((

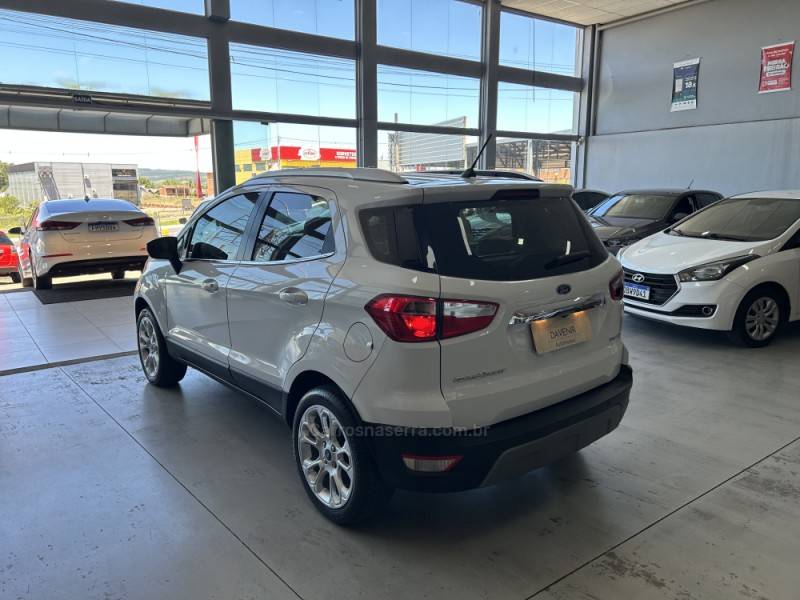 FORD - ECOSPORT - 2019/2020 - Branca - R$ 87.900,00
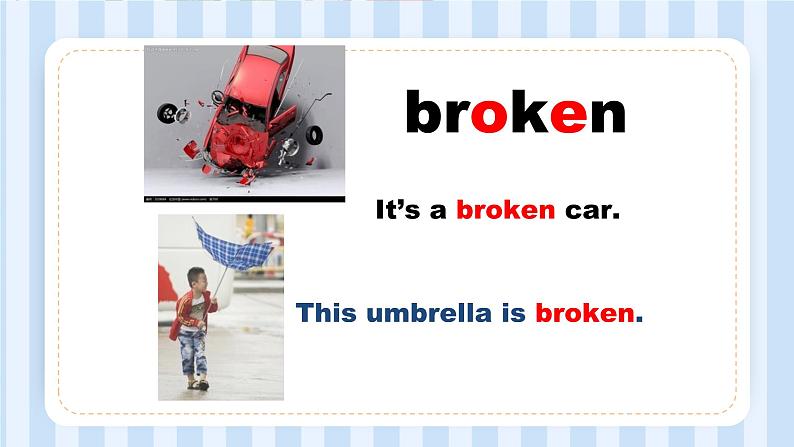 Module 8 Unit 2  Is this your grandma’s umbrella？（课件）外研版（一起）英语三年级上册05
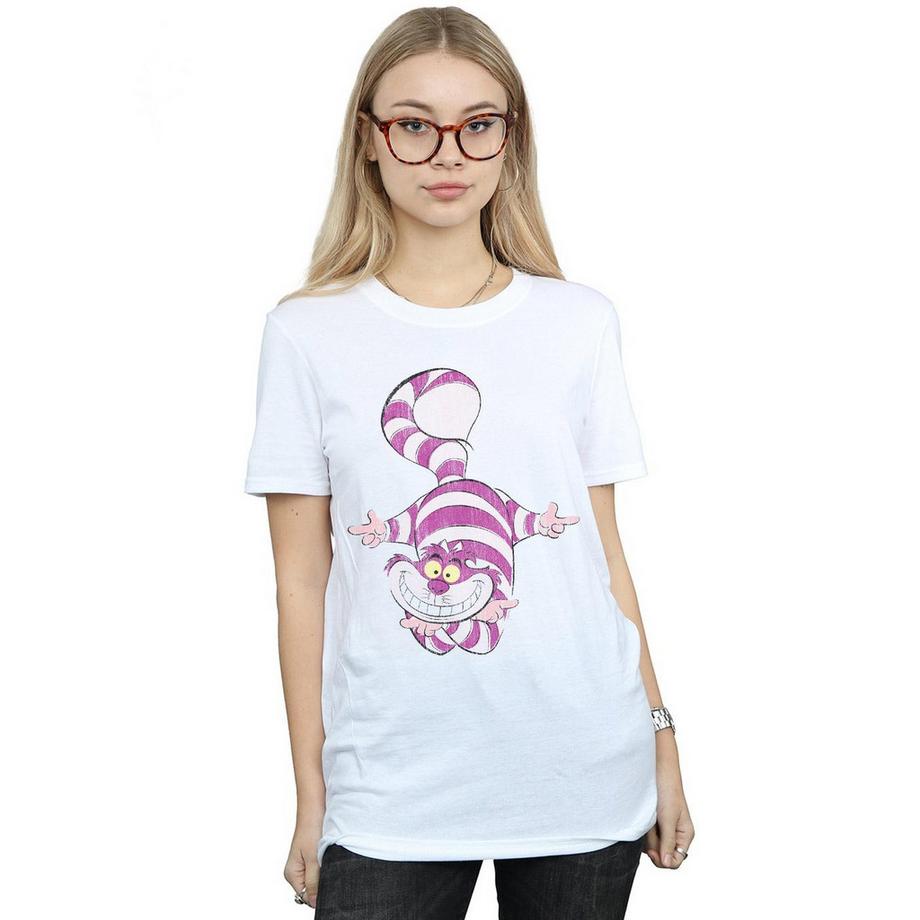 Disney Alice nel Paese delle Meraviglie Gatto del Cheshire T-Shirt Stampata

))

-- Exercise requirements --
An exact copy of all the lines above is required, with the pictures removed.

-- Expected answer --
 FORD - ECOSPORT - 2019/2020 - Branca - R$ 87.900,00
 Module 8 Unit 2  Is this your grandma’s umbrella？（课件）外研版（一起）英语三年级上册05
 Disney Alice nel Paese delle Meraviglie Gatto del Cheshire T-Shirt Stampata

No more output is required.